Artykuł pochodzi z numeru A&B 9|23

Poznajcie doświadczenia inicjatywy Matza

Mazze to totem, który w XV wieku w kantonie Valais, na południu Szwajcarii, był zwiastunem demokracji. Ta drewniana konstrukcja przypominająca pień drzewa z głową człowieka wędrowała od miejscowości do miejscowości, pełniąc funkcję dzisiejszej urny do głosowania. Każdy totem symbolizował daną sprawę, na przykład sprzeciw wobec działań lokalnych władz czy kościoła. Jeśli mieszkańcy popierali postulaty, to przybijali do konstrukcji gwóźdź. Do dziś mazze na terenach Valais jest symbolem sprawczości i demokracji.
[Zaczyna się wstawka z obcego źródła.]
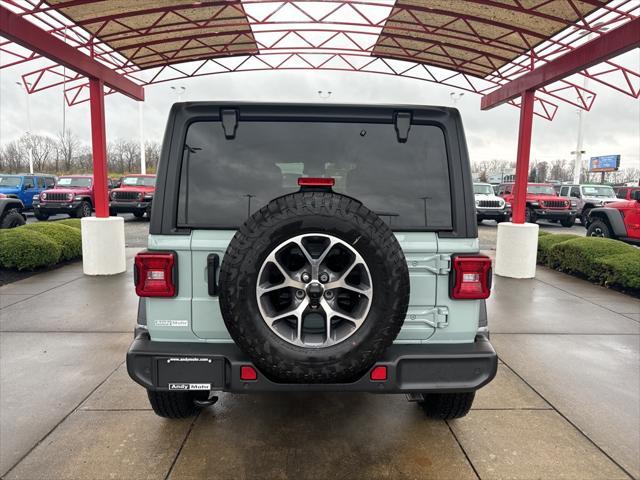 new 2024 Jeep Wrangler car, priced at $47,860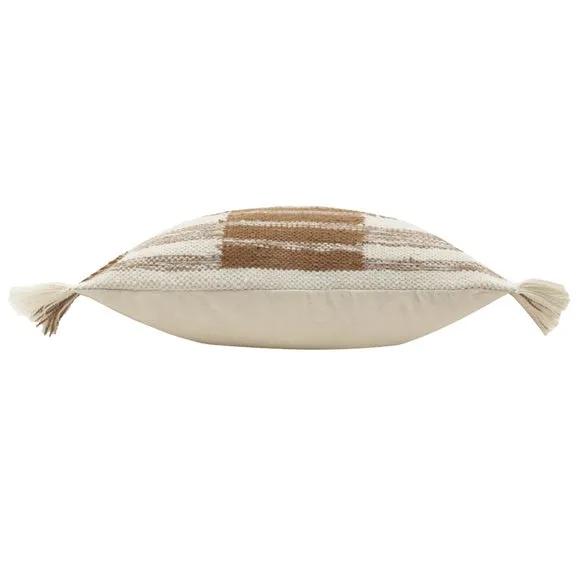 Torode Woven Striped Square Cushion 4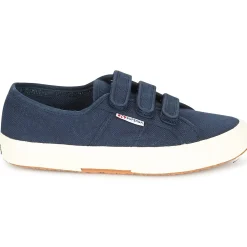 Baskets Mode^Superga - 2750 COT3 VEL U Marine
Symbol ten stoi za nazwą inicjatywy Matza starającej się poprzez interdyscyplinarne działania wokół sztuki i architektury mobilizować do aktywności społeczności na całym świecie. Kolektyw nie ma konkretnej siedziby, jej założyciel — Séverin Guelpa — pochodzi ze Szwajcarii, a ostatnie działania stowarzyszenia przeprowadzono w społecznościach marginalizowanych w Kolumbii i Afryce. Biali twórcy działający w krajach rozwijających? Czyżby syndrom „białego zbawiciela” w kategorii sztuka i architektura? Mówię: sprawdzam!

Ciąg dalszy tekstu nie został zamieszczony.